Факеншит! Откуда это?! Я ж вагранку-то реально только один раз в жизни видел!
Довольно беспредметный разговор о легировании. Никель, хром, молибден… Здесь – пустые слова. Здесь нужно сказать типа:
– На Волчьей горке с полуночной стороны лежит красный камень. Выломать, растереть, обжечь.
И всем будет хорошо. Никелировано. Или, там, «молибденнуто».
* * *
Близ Дамаска существовала гора, состоящая из самородного железа с примесями углерода (около 1 %) и вольфрама (8–9 %).

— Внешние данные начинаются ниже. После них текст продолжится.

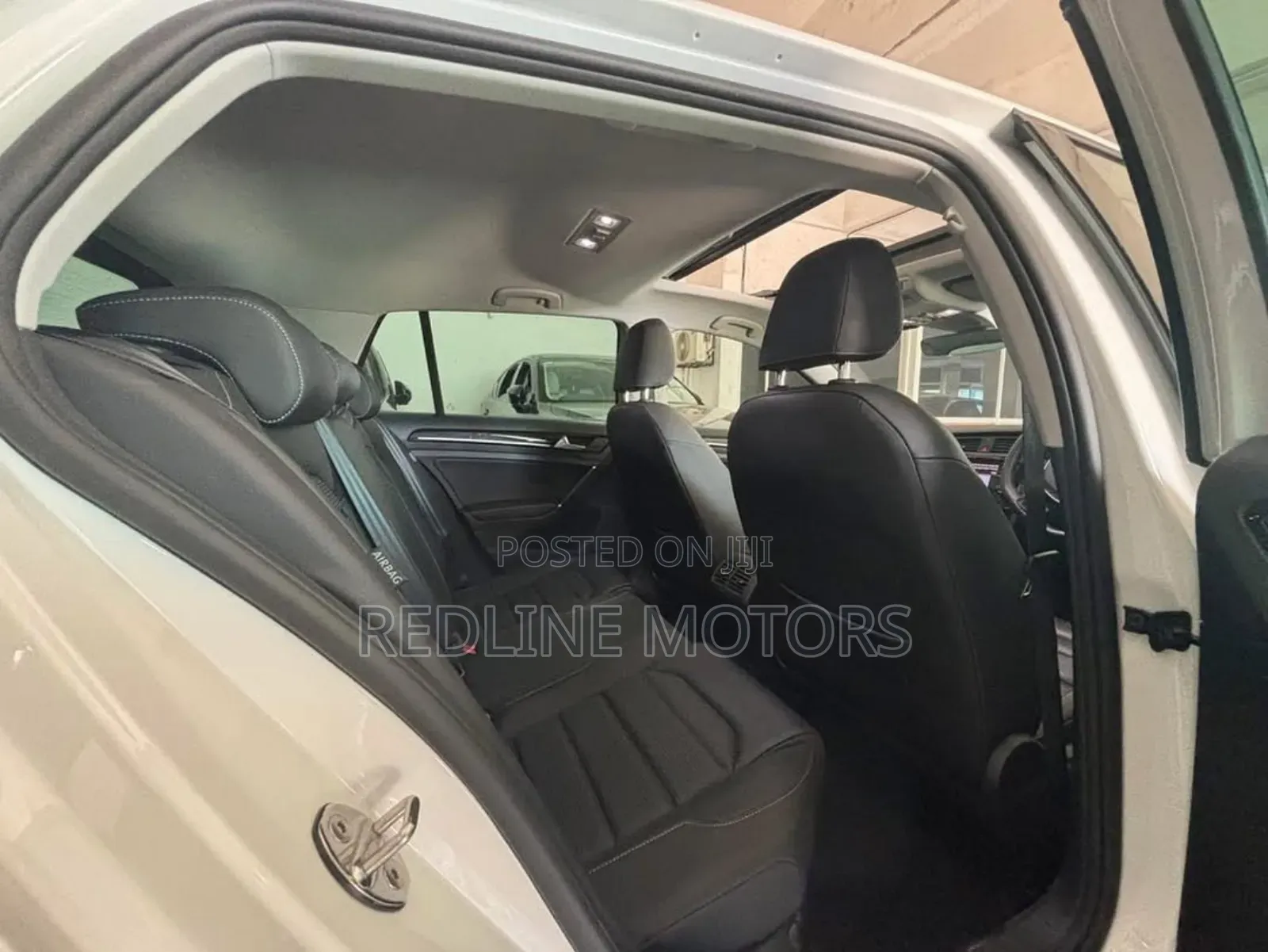 Volkswagen Golf Variant 2018 White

Природнолегированная сталь, из которой местные мастера выковывали мечи и сабли.
Император Диоклетиан в конце III в. приказал построить в Дамаске главные оружейные мастерские римской армии. Вплоть до конца XIV столетия в Дамаске изготовляли лучшие в мире оружие и доспехи.
Увы, легирование – не по моему сегодняшнему тезаурусу.
* * *
Миленькое рассуждение об азотистых сталях. На основе саги о древнем кузнеце от Якова и некоторых других примерах использования различных видов дерьма в металлургии.
Из существенного: диаграмма состояния железо-углерод. Феррит, аустенит, цементит…
«Влияние на механические свойства сплавов оказывает форма, размер, количество и расположение включений цементита, что позволяет на практике для каждого конкретного применения сплава добиваться оптимального сочетания твёрдости, прочности, стойкости к хрупкому разрушению…».
Всё понятно? – Мои… открыли рты. Для лучшего проникновения знаний. Куда-то… Наверное – в кишечник.
Сама мысль, что чёрные сплавы состоят из зёрен, что эти зёрна даже в одном куске – разные, что у них есть граничные слои… что там есть графит то хлопьями, то пластинами, то шариками…
Показать нечем. Шлиф можно протравить, но показать… нужно увеличение от сотни крат.
Идея, что свойства металла зависят не от его состава, но от невидимой структуры – казалась моим металлургам странной. «Чего не вижу – того и нету». При том, что всевозможные булаты и дамаски, у которых слои видны невооружённым взглядом – знакомы.
«Вижу, но не разумею».
Не ново: так же думали и европейские металлурги середины 19 века.
Меня манили златоустовские булаты. Будучи по составу чугунами, булаты не уступают по ковкости низкоуглеродистым сталям, существенно превосходя их по твёрдости после закалки.